Monday, June 25, 2007

Killin' the Villain at The Motley Fool

While the shakeup at the DisneyToon studios has had the Disney online community abuzz these last few days, financial pundits are beginning to weigh in on the Lasseter-Catmull influenced restructuring that will lead to the eventual elimination of the company's lucrative direct-to-DVD sequels and spinoffs. The Motley Fool provides this interesting perspective on the subject. The conclusion of Rick Munarriz, the writer of the commentary?

"Remember that $7.4 billion purchase of Pixar? Do you think it would have been necessary if the non-Pixar animation being put out by Disney was still the handiwork of a respected market leader? Of course not. That's a dear price to pay for Disney's mistake of squandering its hilltop vista by playing it cheap, quick, and stupid.

Those Pixar chaps know what they're doing. So farewell, Cinderella III. The shoe never quite fit."

Considering that DisneyToon brought in billions, it's interesting to see such a point of view emerge from the business world.

2 comments:

Biblioadonis said...

But it does sound like Munarriz is a huge Disney fan, anyway.

I think this is an example of Disney needing to not only pander to the stock holders, but for Disney Management to realize that they are the stewards of the Disney name and legacy. Even though Disney Toons was raking in the cash, they did dilute their brand.

It does make me wonder if Lilo, Meet the Robinson's and Chicken Little would have garnered more success and attention without the direct to DVD cheap-quels.

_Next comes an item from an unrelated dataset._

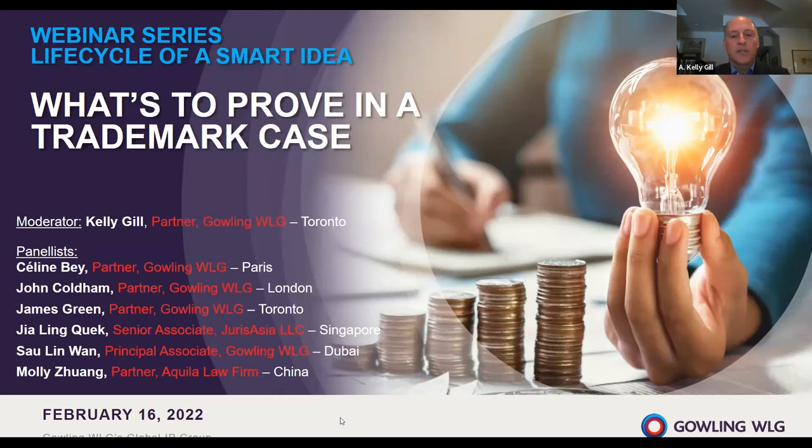Today, we're looking at key evidence in global trademark disputes. I love trademark law and at its heart is the infringement action. Today, we have a panel of very experienced practitioners from around the world to discuss the evidentiary considerations involved in bringing, hopefully, a successful infringement action. So let me introduce you to the panel. Our French trademark litigation expert, Céline Bey, heads the intellectual property practice of Gowling WLG in Paris.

Thanks for sharing the article with us!

Anonymous said...

In business-speak, it's called "strengthening the brand" for long-term return on investment dollars. That's but one of the many benefits of the Pixar purchase and the sacking of the direct-to-DVD department. Here's hoping their next move will be to clear the shallow end of their gene pool by tossing the Power Rangers and the rest of the highly-questionable content under the Jetix name. It's all crap, no matter how much profit it may bring in the short-term.